(PROVIDED DATA)
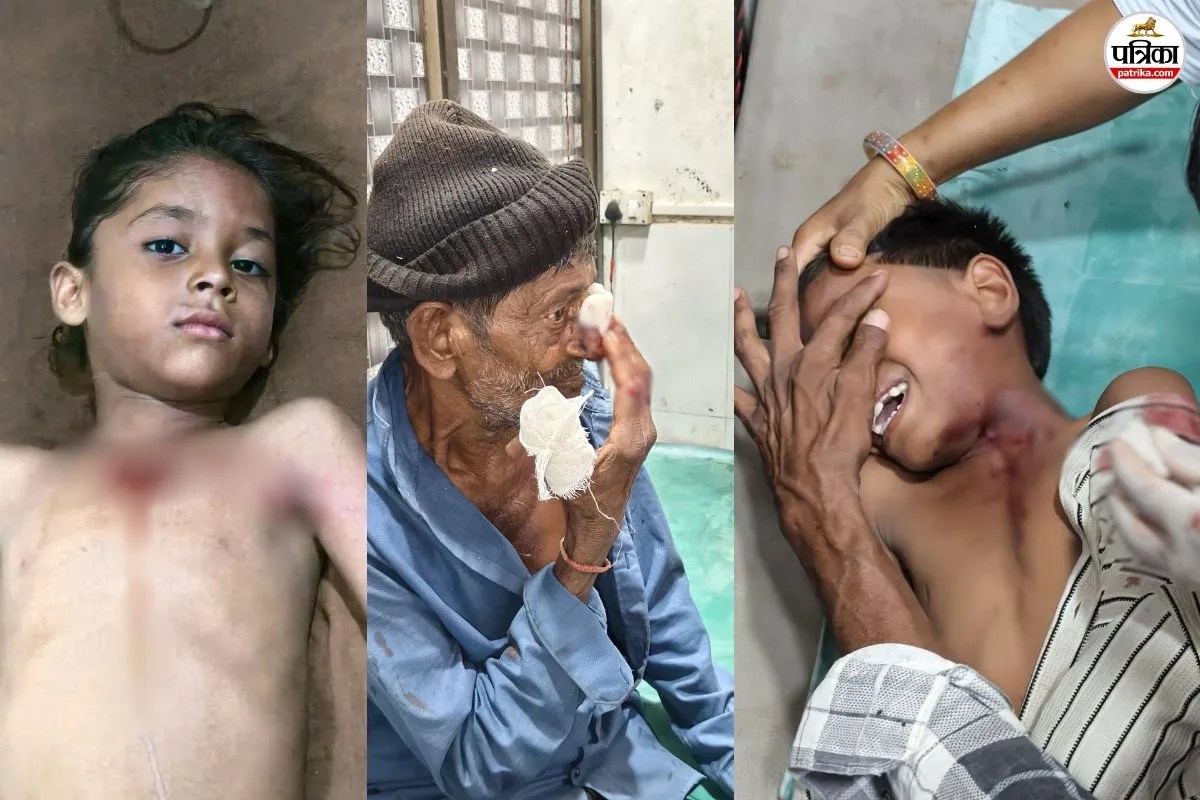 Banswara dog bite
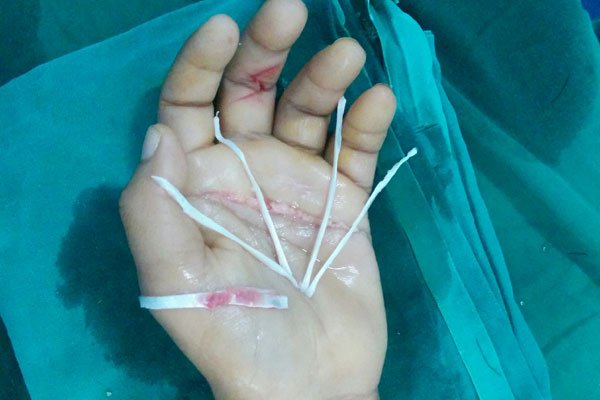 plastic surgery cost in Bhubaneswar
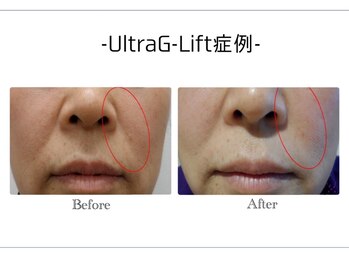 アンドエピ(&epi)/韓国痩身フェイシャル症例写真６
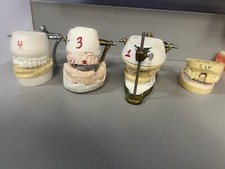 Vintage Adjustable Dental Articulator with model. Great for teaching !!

==

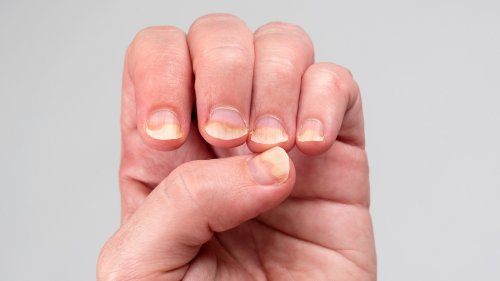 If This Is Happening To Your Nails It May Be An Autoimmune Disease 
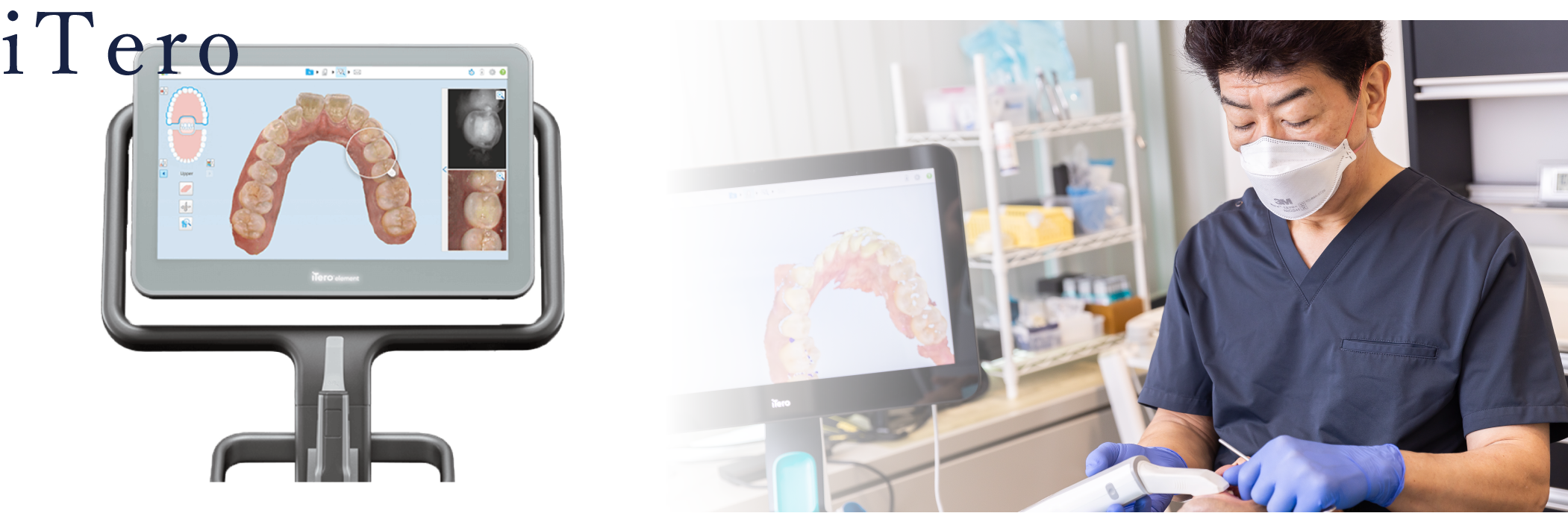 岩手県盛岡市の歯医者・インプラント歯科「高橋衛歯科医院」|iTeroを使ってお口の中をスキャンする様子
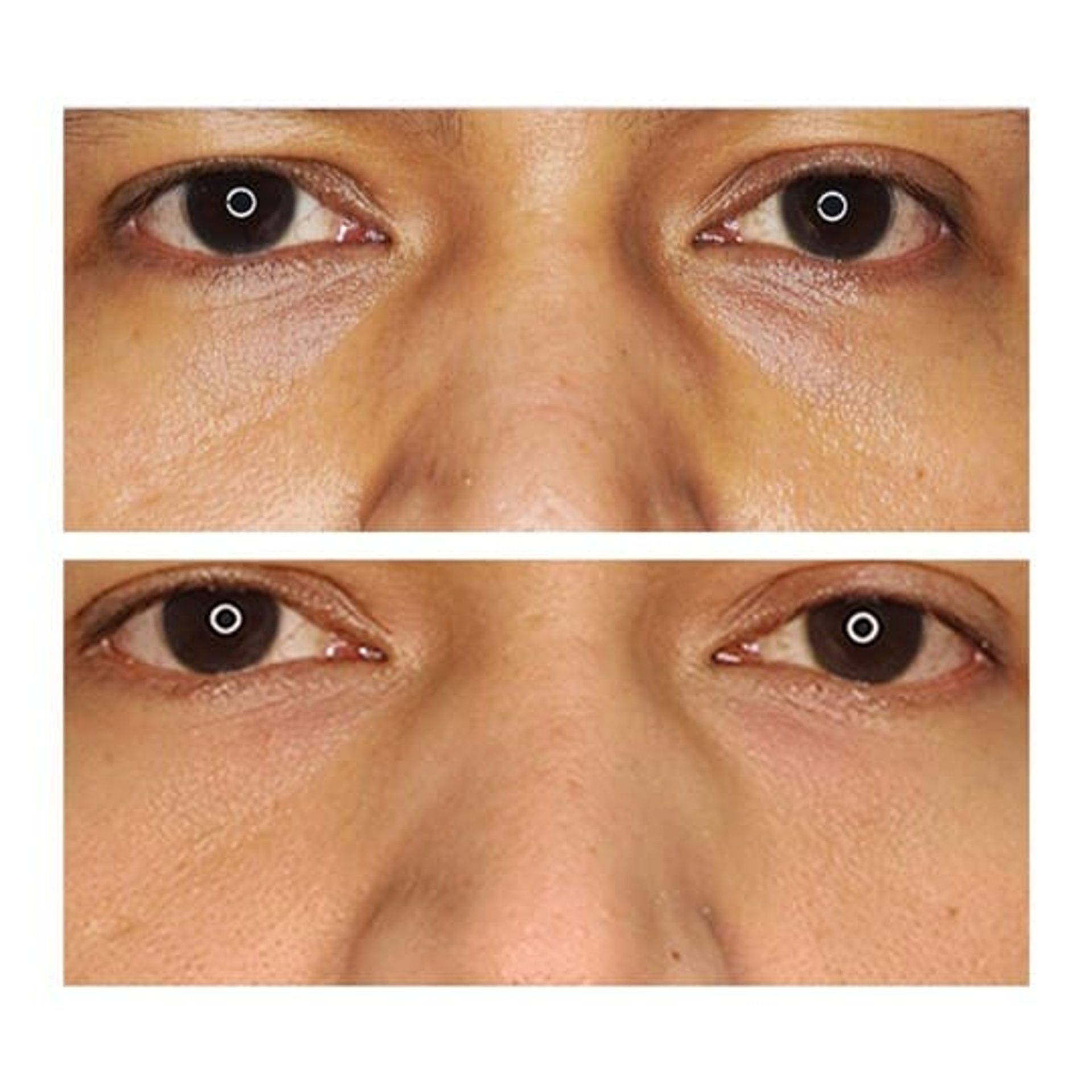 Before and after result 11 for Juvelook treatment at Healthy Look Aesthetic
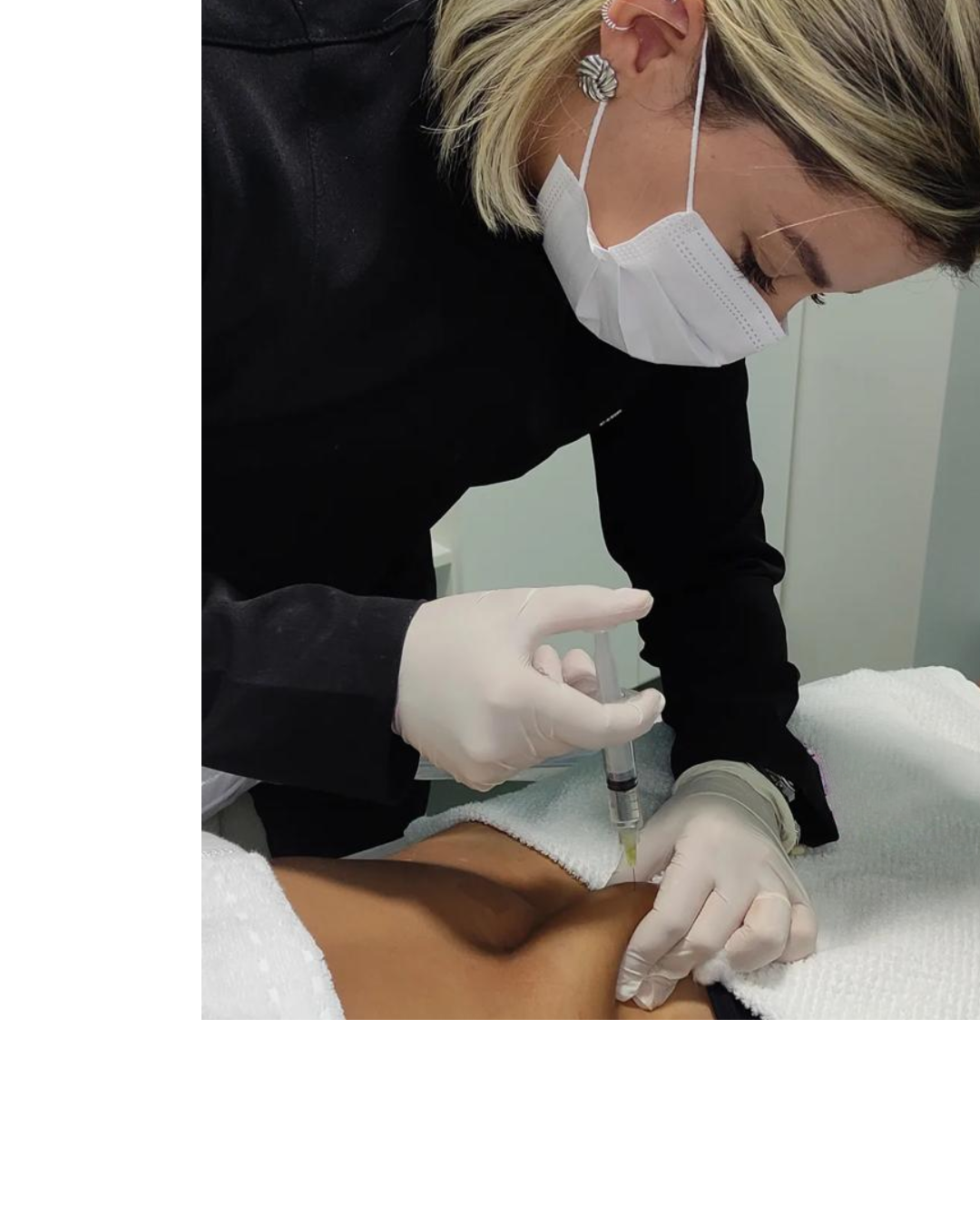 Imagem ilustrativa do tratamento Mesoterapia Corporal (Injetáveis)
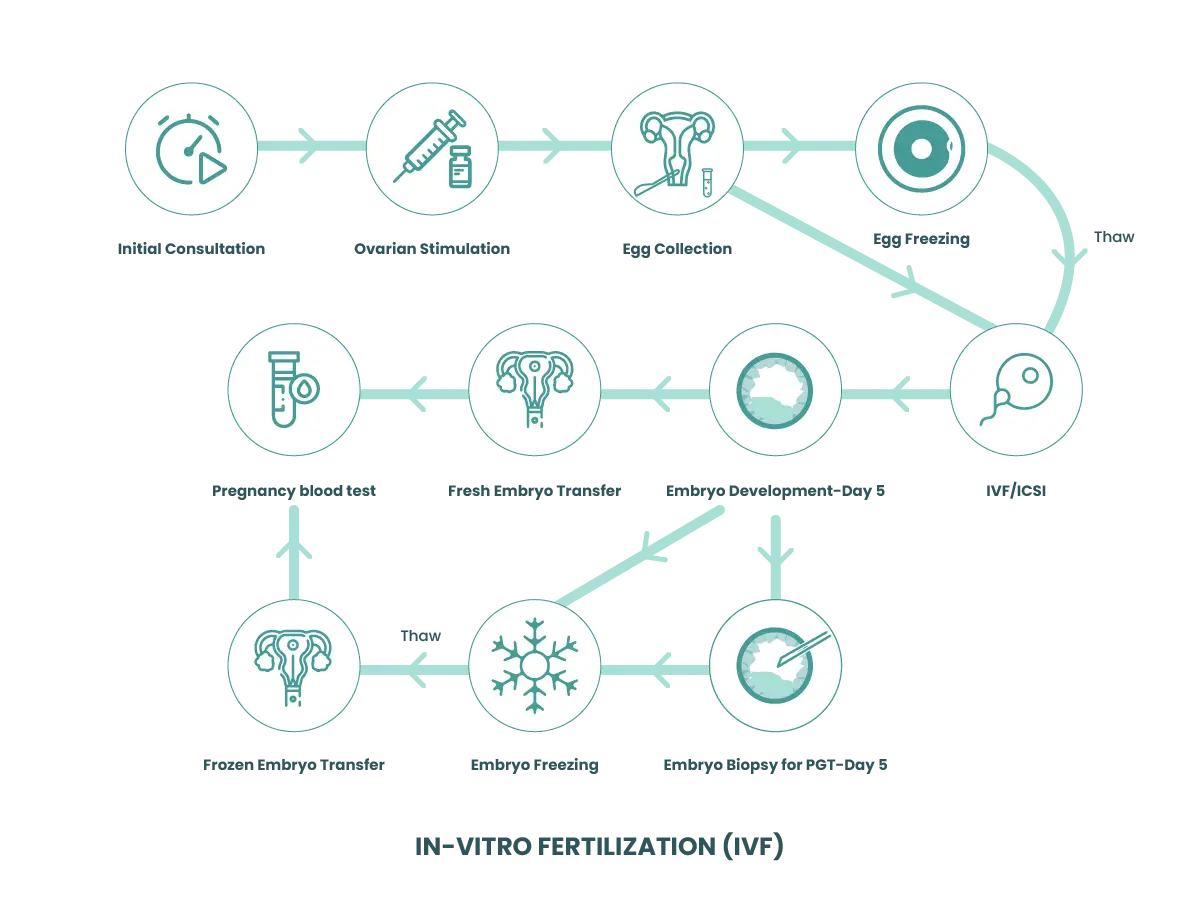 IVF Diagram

* * *

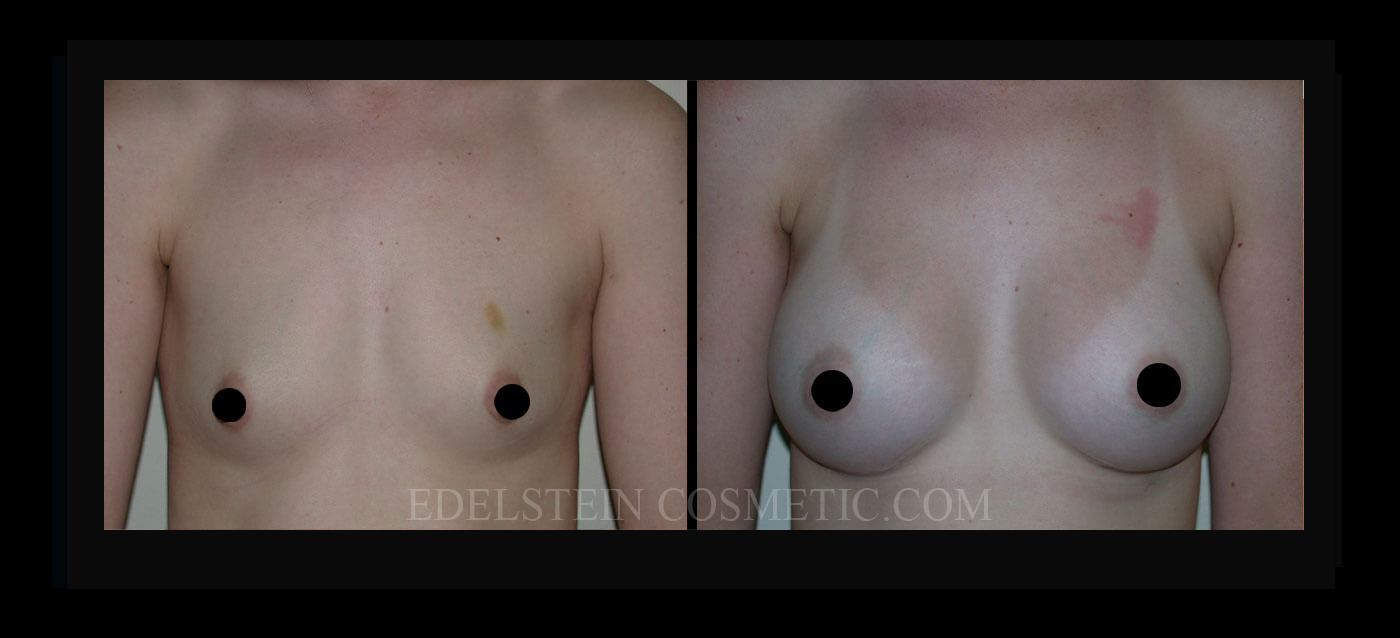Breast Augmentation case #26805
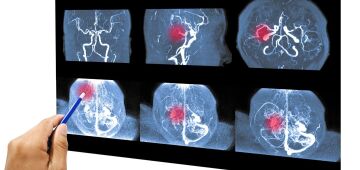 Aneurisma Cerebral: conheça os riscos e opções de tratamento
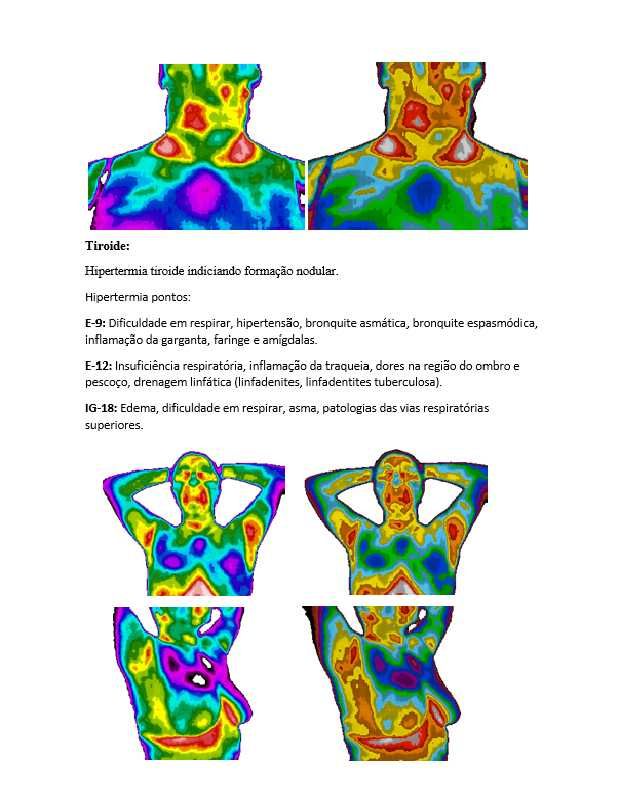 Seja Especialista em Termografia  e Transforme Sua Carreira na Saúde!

(WHAT THIS TASK INVOLVES) Your output should be the lines above from the one that contains "岩手県盛岡市の歯医者・インプ" through the one that contains "IVF Diagram", word for word, with pictures left out.

(SOLUTION FOR THIS PROBLEM)
 岩手県盛岡市の歯医者・インプラント歯科「高橋衛歯科医院」|iTeroを使ってお口の中をスキャンする様子
 Before and after result 11 for Juvelook treatment at Healthy Look Aesthetic
 Imagem ilustrativa do tratamento Mesoterapia Corporal (Injetáveis)
 IVF Diagram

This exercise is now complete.